Il est nécessaire, à ce niveau de détail, de définir toutes les interactions entre les
sous-processus, les activités, ou les procédures, identifiés, ainsi que leurs
interactions avec les autres processus ou les entités externes.
En fonction du niveau de détail que l'on souhaite obtenir, il est possible de créer
plusieurs représentations, et notamment autant de représentations qu'il y a de sous-
processus, dans le cas où l'on décide de faire figurer les procédures qui contribuent
à leur réalisation(figure 1.8).

Figure 1.8 - Représentation des sous-processus


Toutefois, si cette représentation est très détaillée, elle ne permet pas de visualiser
quels sont les métiers ou les services de l'entreprise qui traversent le processus.
C'est l'objet de la représentation suivante.
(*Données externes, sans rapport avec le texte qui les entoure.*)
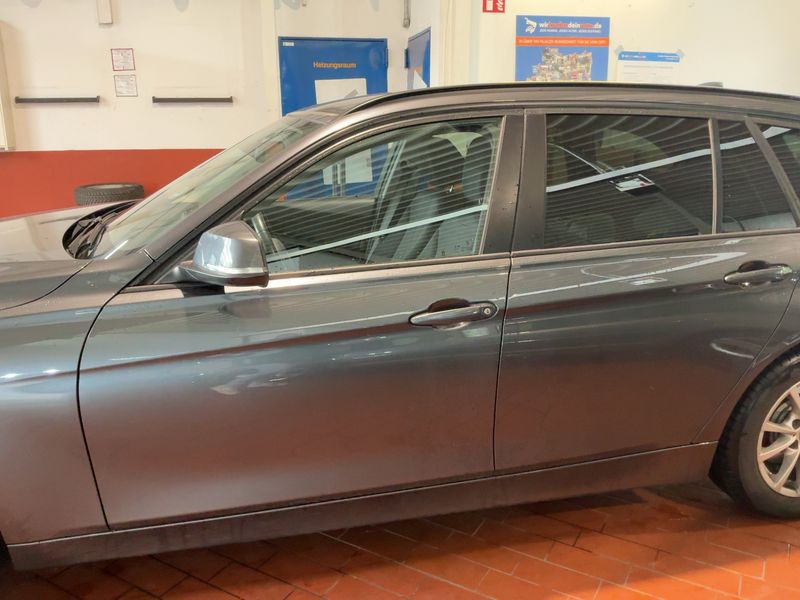 BMW 3er 318i Advantage 2019 – снимка 4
La cartographie transversale des processus


Le processus transversal permet de suivre, par rapport aux métiers ou aux services
de l'entreprise, ceux qui contribuent à sa réalisation. Il identifie les actions qu'ils ont à
mettre en oeuvre et les informations qu'ils doivent s'échanger pour pouvoir atteindre
les objectifs du processus(figure 1.9).

Figure 1.9 - Cartographie transversale des processus


Avec cette représentation, qui identifie les étapes du processus à travers les
différents services de l'entreprise, chaque service connaît précisément ce qu'il doit
produire (données de sortie) à partir des informations qui lui sont fournies (données
d'entrée).
Cette représentation globale, généralement orientée client/client (du besoin exprimé
à sa satisfaction), ne mentionne pas les moyens qui sont utilisés, mais simplement
les grandes actions ainsi que les flux d'informations échangées. Les grands métiers
(mercatique, approvisionnement, logistique, management...) ou services
(commercial, achats, études, montage-assemblage, qualité...), que traverse le
processus, sont positionnés en lignes pour permettre une visualisation et une
compréhension rapide de leurs contributions mutuelles.
Un processus transversal, du fait de son aspect global, correspond à un graphe de
premier niveau par rapport à la pyramide Qualigram, mais il doit respecter les règles
de structuration du deuxième niveau ! Quelle que soit la représentation choisie pour
représenter le processus transversal, celui-ci reste global. Aussi, pour connaître
précisément qui, parmi les métiers ou services identifiés, doit intervenir dans une
tâche spécifique (qui fait quoi), il faut encore descendre dans le niveau de détail,
c'est-à-dire au second niveau de la pyramide Qualigram.

Synthèse
Les cartographies précédentes illustrent les différentes vues que l'on peut avoir d'un
processus. Chacune de ces vues répond à un objectif précis. Pour les réaliser, les
règles de grammaire présentées au chapitre 2.4 s'appliquent. Le langage graphique
utilisé se compose de 3 des 4 formes de base. En effet, la forme qui correspond aux
outils (triangle ou rectangle à bord ondulé) n'est pas utilisée. Par contre, il convient
d'utiliser certaines formes supplémentaires, dites de ponctuation, telles que les
formes représentant les indicateurs et les éléments de pilotage(figure 1.10).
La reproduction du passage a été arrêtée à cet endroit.